### Given information

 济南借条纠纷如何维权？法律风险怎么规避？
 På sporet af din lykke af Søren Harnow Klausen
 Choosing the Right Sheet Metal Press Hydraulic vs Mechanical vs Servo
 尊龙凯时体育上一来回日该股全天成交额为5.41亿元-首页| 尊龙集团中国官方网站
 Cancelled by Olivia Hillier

### Instructions for the task
Output must be limited to the lines beginning with the one that contains "På sporet af" and ending with the last line of the entries, reproduced exactly.

### Exercise solution
 På sporet af din lykke af Søren Harnow Klausen
 Choosing the Right Sheet Metal Press Hydraulic vs Mechanical vs Servo
 尊龙凯时体育上一来回日该股全天成交额为5.41亿元-首页| 尊龙集团中国官方网站
 Cancelled by Olivia Hillier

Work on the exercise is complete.